Chace married Susanna Buffington on September 15, 1796. They had seven children together. Chace's two eldest sons, Harvey and Samuel Buffington would later follow their father into the textile business. Susanna Chace died on July 30, 1827. Oliver's second marriage was to Patience Robinson. They had no children.

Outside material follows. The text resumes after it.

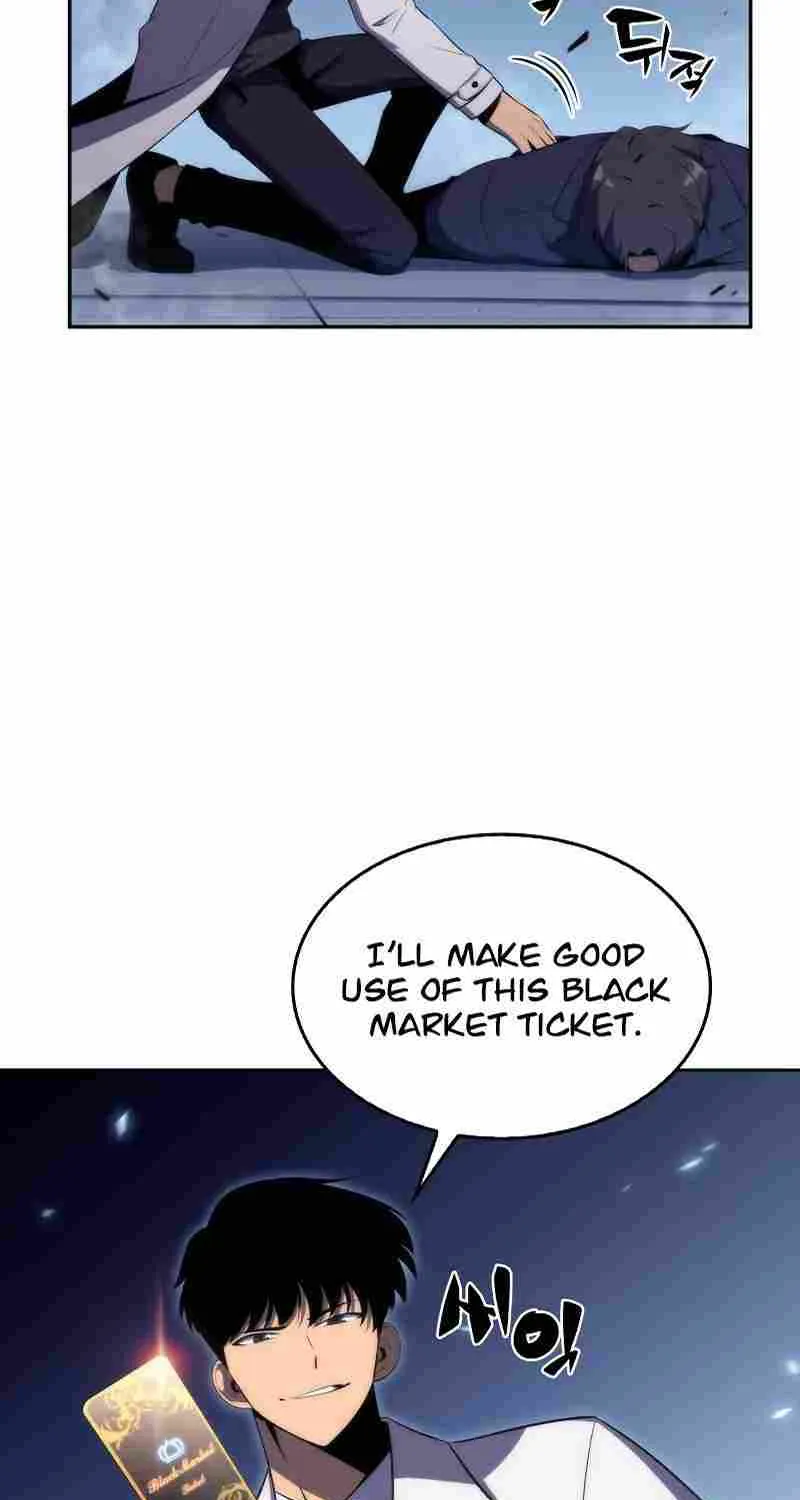 Solo Max-Level Newbie Chapter 32 page 13 -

Manufacturing career and legacy

As a young man, Chace worked as a carpenter for Samuel Slater, who established one of the first successful textile mills in the Americas at Pawtucket, Rhode Island in 1793. In 1806 Chace eventually started his own textile mill in Swansea, Massachusetts and then the Troy Cotton & Woolen Manufactory in 1813 in Fall River, Massachusetts and the Pocasset Manufacturing Company in 1821, also at Fall River. He later acquired and reorganized the Valley Falls Company in Valley Falls, Rhode Island in 1839.
The Valley Falls Company would eventually acquire the Albion Mills, Tar-Kiln Factory in Burrillville, Manville Mills in Rhode Island, and Moodus Cotton Factory in Connecticut.
Chace's sons and nephews would also be involved in the textile industry of Fall River, Massachusetts and Valley Falls, Rhode Island, as well as other locations in the area.
He was the father-in-law of Elizabeth Buffum Chace, a noted 19th-century activist in the anti-slavery, women's rights, and prison reform movements. Through her, he was the grandfather of the mathematician Arnold Buffum Chace and the author and activist Lillie Buffum Chace Wyman.
Chace died in on May 21, 1852, and was buried in the Old Quaker Burial Ground in Providence on Olive Street.

Berkshire Hathaway

In 1929, the Valley Falls Company, and others would combine with the Berkshire Manufacturing Company of Adams, Massachusetts to become Berkshire Fine Spinning Associates. In 1955, Berkshire Fine Spinning Associates would merge with Hathaway Manufacturing Company of New Bedford, Massachusetts to become Berkshire Hathaway.
Chace's descendant Malcolm Chace, Jr. was chairman of Berkshire Hathaway when investor Warren Buffett began buying stock in 1962. When Buffett took control of the company in 1965, Chace refused to sell his share and remained on the board of directors.